Your assignment:
Below are the records. List every line holding the word "background".
Supplied entries START
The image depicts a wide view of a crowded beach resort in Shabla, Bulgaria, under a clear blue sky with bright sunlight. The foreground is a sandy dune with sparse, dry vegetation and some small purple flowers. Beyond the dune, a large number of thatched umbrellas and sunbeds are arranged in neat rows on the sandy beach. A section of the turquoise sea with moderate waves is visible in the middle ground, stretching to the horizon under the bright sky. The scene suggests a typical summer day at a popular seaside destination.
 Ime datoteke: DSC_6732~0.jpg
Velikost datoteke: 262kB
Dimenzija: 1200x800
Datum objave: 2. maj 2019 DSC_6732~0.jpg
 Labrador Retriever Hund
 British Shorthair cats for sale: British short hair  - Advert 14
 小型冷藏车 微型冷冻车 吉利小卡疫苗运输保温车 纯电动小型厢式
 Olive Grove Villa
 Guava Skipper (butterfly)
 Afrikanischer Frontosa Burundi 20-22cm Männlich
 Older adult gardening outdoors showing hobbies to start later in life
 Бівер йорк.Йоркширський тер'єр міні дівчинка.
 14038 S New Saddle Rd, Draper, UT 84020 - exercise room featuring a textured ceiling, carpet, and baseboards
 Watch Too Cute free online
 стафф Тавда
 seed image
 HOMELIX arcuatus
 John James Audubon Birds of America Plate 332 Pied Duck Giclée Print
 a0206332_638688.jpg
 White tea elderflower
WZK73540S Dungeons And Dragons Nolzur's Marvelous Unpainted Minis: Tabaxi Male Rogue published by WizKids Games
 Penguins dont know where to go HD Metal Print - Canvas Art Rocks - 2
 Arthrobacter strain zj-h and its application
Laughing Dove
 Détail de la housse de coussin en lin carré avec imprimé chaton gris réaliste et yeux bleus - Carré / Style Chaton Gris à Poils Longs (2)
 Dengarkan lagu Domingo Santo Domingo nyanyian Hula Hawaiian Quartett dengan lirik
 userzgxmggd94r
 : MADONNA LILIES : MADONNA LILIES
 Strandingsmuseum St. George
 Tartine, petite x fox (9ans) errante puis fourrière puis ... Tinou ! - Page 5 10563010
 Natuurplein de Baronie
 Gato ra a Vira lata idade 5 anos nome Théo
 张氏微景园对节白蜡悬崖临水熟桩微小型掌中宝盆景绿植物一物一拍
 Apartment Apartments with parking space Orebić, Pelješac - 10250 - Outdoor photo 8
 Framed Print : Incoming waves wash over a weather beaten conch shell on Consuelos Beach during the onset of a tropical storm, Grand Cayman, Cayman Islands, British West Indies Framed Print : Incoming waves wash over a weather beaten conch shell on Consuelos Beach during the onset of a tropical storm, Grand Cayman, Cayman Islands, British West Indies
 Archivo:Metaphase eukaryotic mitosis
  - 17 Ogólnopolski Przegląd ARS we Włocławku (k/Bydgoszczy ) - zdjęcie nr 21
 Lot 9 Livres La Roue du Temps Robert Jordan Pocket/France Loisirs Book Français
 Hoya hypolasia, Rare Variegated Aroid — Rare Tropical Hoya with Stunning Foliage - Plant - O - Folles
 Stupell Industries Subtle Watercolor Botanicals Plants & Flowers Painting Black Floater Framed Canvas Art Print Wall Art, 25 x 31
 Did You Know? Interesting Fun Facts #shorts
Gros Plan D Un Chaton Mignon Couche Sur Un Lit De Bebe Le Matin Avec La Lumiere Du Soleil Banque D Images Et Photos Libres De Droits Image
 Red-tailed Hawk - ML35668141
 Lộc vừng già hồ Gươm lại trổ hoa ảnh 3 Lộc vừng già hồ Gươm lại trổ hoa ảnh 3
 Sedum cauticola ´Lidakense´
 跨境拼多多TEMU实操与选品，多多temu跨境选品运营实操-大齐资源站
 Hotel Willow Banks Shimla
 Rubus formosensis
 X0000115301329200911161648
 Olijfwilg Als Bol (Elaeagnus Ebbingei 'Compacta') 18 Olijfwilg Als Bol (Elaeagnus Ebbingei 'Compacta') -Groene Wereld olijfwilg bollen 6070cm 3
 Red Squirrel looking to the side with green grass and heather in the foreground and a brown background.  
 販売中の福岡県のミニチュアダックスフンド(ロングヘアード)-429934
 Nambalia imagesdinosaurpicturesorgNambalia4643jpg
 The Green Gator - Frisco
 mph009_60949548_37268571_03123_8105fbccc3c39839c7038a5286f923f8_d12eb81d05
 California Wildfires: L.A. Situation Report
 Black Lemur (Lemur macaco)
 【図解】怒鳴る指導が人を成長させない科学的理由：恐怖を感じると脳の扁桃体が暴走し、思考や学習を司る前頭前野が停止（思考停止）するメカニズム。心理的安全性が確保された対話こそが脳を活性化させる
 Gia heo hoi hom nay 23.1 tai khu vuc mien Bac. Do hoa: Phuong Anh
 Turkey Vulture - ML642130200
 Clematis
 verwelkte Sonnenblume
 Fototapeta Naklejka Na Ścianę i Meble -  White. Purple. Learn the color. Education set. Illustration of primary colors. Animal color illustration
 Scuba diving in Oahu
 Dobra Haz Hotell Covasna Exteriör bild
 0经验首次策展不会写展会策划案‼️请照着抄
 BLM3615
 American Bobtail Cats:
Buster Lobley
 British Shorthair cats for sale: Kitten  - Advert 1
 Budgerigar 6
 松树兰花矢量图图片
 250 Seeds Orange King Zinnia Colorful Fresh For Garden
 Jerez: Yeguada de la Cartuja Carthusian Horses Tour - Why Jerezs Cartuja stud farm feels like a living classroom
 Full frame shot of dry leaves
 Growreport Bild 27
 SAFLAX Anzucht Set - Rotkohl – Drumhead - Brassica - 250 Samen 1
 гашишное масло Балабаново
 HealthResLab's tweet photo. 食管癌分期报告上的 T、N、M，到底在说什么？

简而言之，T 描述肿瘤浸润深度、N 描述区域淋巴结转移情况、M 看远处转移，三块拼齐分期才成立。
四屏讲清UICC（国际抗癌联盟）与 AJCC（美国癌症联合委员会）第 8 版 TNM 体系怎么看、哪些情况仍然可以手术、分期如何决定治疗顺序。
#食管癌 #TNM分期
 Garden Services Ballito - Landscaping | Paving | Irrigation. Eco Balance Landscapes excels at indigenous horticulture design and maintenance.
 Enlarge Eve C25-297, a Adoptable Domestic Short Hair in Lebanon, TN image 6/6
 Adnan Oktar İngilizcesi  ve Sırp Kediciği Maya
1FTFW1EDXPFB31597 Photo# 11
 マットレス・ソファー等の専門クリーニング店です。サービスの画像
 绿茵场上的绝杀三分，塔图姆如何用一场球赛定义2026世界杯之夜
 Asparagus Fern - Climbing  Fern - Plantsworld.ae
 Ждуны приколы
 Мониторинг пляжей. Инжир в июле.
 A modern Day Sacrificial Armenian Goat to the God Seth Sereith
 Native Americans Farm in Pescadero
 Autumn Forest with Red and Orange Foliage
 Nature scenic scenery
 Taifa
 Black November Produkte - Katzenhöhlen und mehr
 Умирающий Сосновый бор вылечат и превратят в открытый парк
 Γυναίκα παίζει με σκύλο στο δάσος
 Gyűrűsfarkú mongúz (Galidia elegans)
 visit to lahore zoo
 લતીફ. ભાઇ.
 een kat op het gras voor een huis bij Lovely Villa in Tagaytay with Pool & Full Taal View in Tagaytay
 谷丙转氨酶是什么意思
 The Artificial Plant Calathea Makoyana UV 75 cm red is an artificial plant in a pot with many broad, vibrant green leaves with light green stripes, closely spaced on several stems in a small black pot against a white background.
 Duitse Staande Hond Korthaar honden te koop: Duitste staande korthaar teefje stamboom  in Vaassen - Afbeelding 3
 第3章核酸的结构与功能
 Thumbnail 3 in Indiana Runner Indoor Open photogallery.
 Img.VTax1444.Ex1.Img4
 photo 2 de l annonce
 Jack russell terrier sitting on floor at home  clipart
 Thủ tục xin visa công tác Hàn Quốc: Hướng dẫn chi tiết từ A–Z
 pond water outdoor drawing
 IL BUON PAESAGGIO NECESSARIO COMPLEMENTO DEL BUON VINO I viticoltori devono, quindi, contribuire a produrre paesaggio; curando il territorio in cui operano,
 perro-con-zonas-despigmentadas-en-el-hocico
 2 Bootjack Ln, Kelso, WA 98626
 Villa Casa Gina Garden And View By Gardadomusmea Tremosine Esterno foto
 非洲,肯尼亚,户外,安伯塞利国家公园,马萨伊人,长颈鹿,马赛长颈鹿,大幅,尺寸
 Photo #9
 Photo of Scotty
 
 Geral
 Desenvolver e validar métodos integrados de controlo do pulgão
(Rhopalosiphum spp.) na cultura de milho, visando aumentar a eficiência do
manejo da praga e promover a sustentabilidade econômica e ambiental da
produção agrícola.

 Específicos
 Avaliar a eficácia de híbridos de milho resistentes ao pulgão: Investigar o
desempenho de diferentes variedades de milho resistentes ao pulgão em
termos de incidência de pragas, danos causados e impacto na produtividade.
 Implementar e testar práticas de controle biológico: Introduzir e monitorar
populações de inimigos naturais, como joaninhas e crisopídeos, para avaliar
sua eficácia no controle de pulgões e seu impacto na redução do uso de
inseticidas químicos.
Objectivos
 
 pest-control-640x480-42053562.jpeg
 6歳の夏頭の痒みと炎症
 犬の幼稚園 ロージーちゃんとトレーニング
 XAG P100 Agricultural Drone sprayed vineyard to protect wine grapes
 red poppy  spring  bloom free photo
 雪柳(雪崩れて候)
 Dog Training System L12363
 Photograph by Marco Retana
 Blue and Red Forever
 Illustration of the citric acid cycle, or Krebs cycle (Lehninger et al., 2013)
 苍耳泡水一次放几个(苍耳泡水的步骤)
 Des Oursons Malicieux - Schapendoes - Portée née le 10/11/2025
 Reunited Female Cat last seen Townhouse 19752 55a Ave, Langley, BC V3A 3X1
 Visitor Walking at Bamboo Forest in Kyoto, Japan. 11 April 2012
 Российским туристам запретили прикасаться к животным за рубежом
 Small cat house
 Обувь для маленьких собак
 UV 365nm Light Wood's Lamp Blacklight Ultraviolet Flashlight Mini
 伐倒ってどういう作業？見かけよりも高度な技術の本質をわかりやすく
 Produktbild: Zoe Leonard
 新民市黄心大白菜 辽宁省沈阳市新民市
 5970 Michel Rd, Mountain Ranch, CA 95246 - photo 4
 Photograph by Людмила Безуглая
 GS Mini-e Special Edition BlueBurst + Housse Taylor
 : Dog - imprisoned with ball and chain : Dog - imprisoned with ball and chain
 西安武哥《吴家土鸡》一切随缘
Supplied entries END
Result:
 Red Squirrel looking to the side with green grass and heather in the foreground and a brown background.  
 The Artificial Plant Calathea Makoyana UV 75 cm red is an artificial plant in a pot with many broad, vibrant green leaves with light green stripes, closely spaced on several stems in a small black pot against a white background.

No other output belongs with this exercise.